We addressed some of these issues in a reply at around the time when the study was first published:

There are some early indications that acupuncture may have an anti-arrhythmic effect in patients with atrial fibrillation. A study published earlier this year

http://www.ncbi.nlm.nih.gov/pmc/articles/PMC3312232/

concluded that there appeared to be benefits and that further large scale trials would be valuable to test the hypothesis more carefully.

However, it is only fair to say that needling a single point such as Neiguan repeatedly is not a fair representation of what a traditional acupuncturist does in practice. Although there is considerable overlap between eastern and western systems the arrhythmia typical of AF could be classified in several different ways within Chinese medicine, and the practitioner would be guided by evidence other than simply a reading of the rate of the pulse. That in turn would mean that ten people with AF might receive ten different treatments. To that extent, it is not that straightforward to extrapolate from research studies like this and conclude that 'acupuncture works'. 

The skill of the practitioner lies in making sense of the symptom of AF within an entirely different theoretical framework, and understanding each presentation in each individual patient as unique. The best advice we can give any prospective patient is to contact a BAcC member local to them to seek a short face to face consultation at which they can be given a better assessment of whether acupuncture might benefit them.

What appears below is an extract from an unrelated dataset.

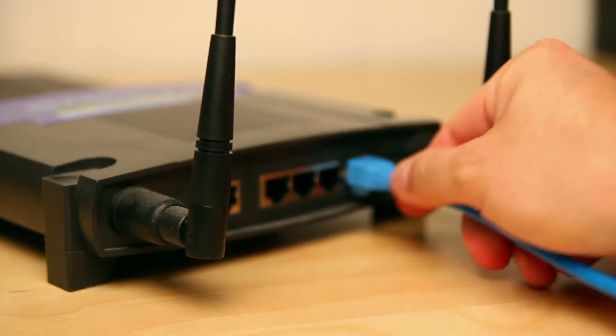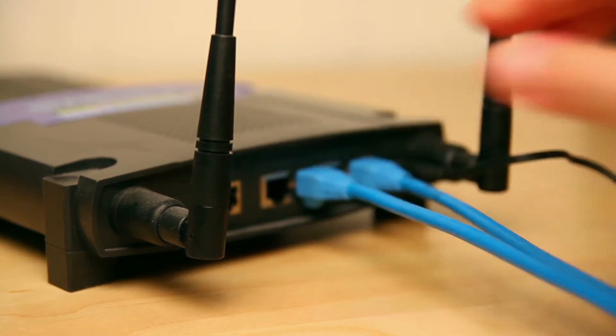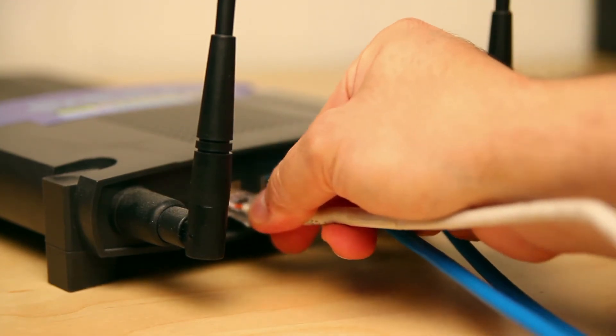While the Ruckus R730 looks like your typical office router, it's anything but ordinary. This router can handle any office's Wi-Fi needs, featuring dual-band support with up to 12 spatial streams and the ability to handle up to a thousand device connections. It also has meshing technology to spread connection across other routers while seamlessly providing five gigabits per second to them all.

From the traditional acupuncture perspective using a single point in this way based on a single research study is quite a distance from the traditional paradigm in which the point sits. We are aware that there is a movement even within Chinese medicine to start to use this sort of formula treatment, and a very widely read paper published nearly twenty years ago, 'Pearls and String in Classical Acupuncture' has influenced a number of practitioners in the West, and is becoming slightly more common practice in China itself under the title 'best of both' - western differentiation and acupoint treatment.

Our view is that this is rather like Orwell's 'two legs good, four legs better' insofar as formula treatment may well work well for many people but probably won't work as well as a treatment which is designed for the specific imbalances of each patient. Since all patients are unique and different it would be seen as poor practice from a traditional perspective to use the same points over and over again. One of our old teachers used to refer to the use of the point as 'asking the system a question' and paying heed to the answer in following up.  'You wouldn't ask someone the same question ten times, would you?, he argued. While this may be a little extreme the general sense that acupuncture treatment is dynamic and evolutionary is critical to its nature.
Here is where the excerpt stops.